» **Work instruction**
With the images removed, repeat the data below exactly.

» **Data shown**
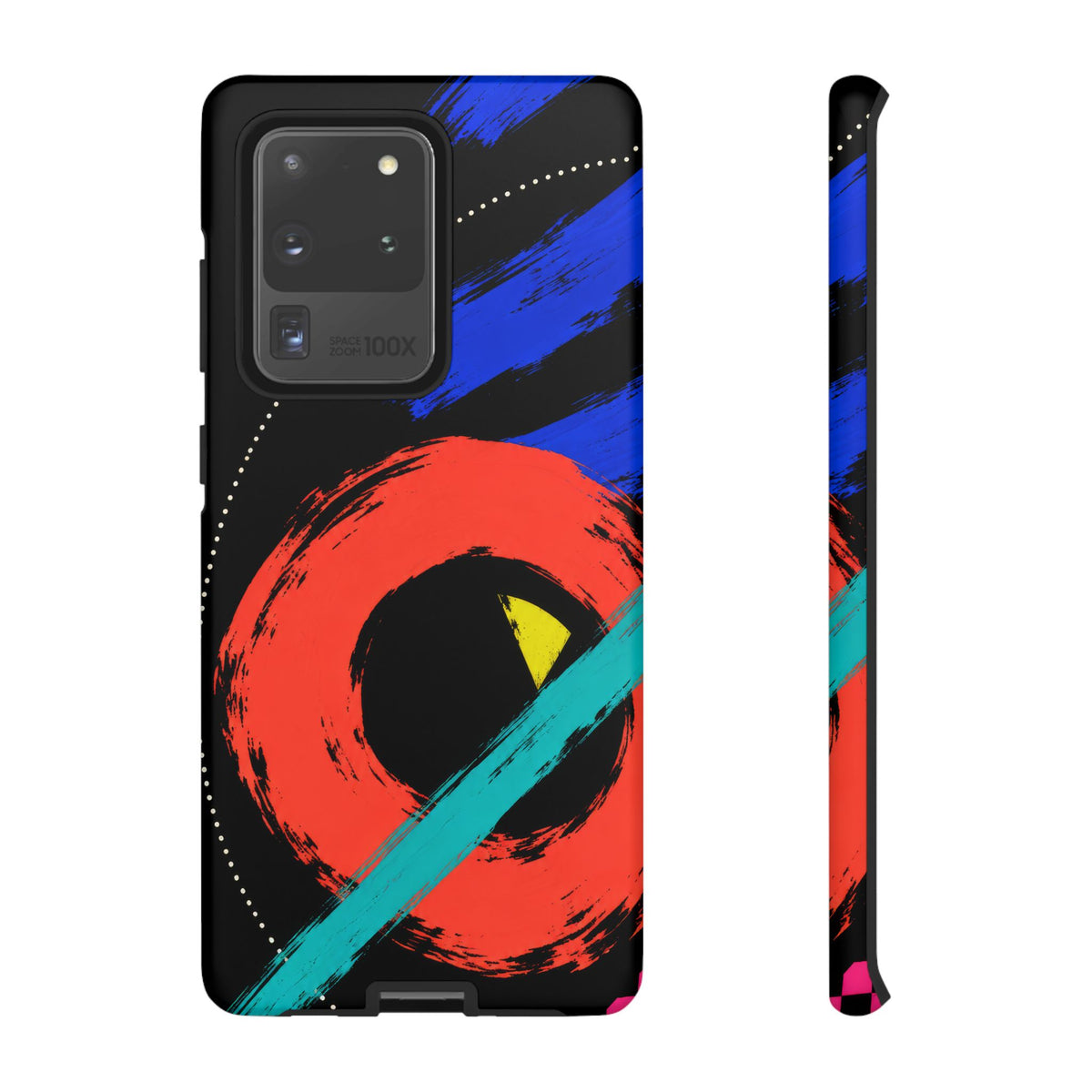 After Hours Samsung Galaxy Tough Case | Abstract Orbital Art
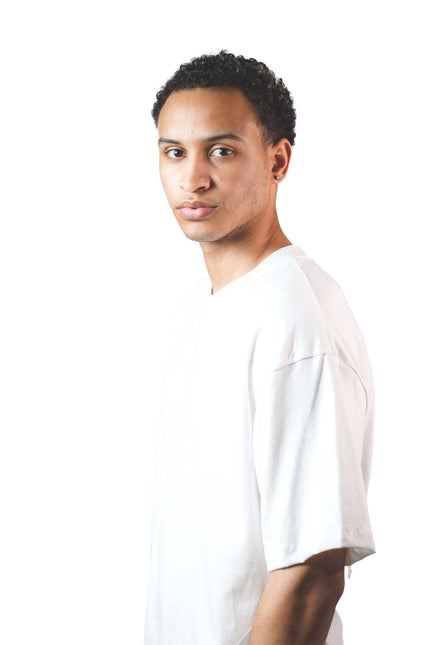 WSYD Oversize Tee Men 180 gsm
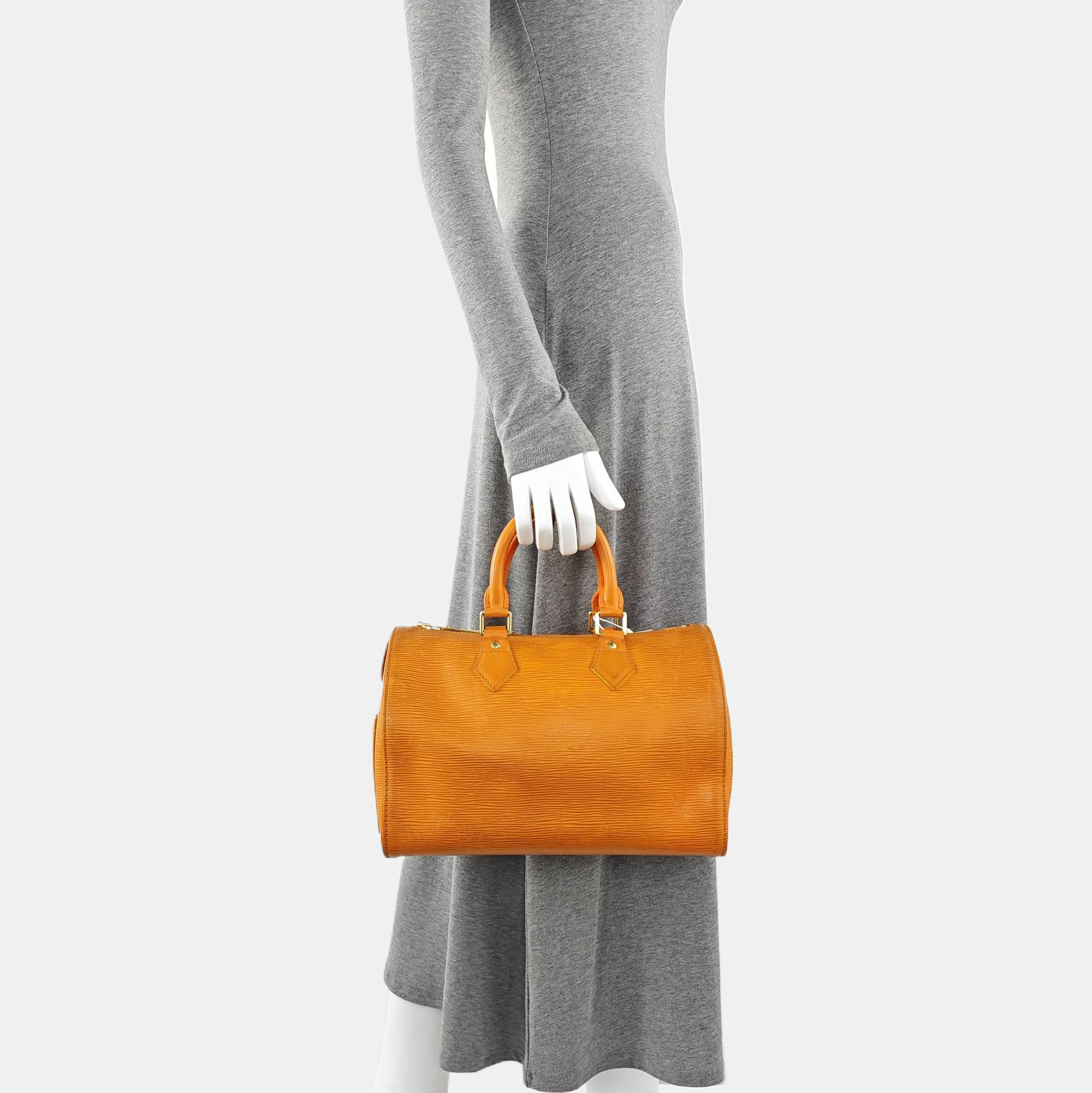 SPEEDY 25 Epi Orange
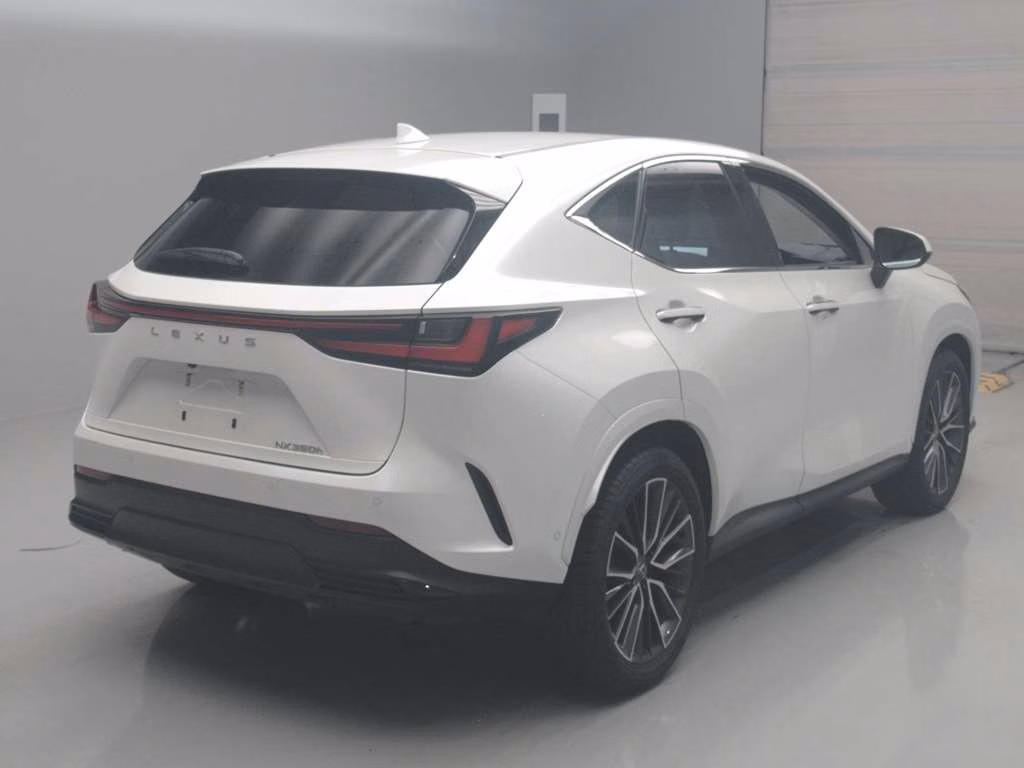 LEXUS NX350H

» **Result for this exercise**
 After Hours Samsung Galaxy Tough Case | Abstract Orbital Art
 WSYD Oversize Tee Men 180 gsm
 SPEEDY 25 Epi Orange
 LEXUS NX350H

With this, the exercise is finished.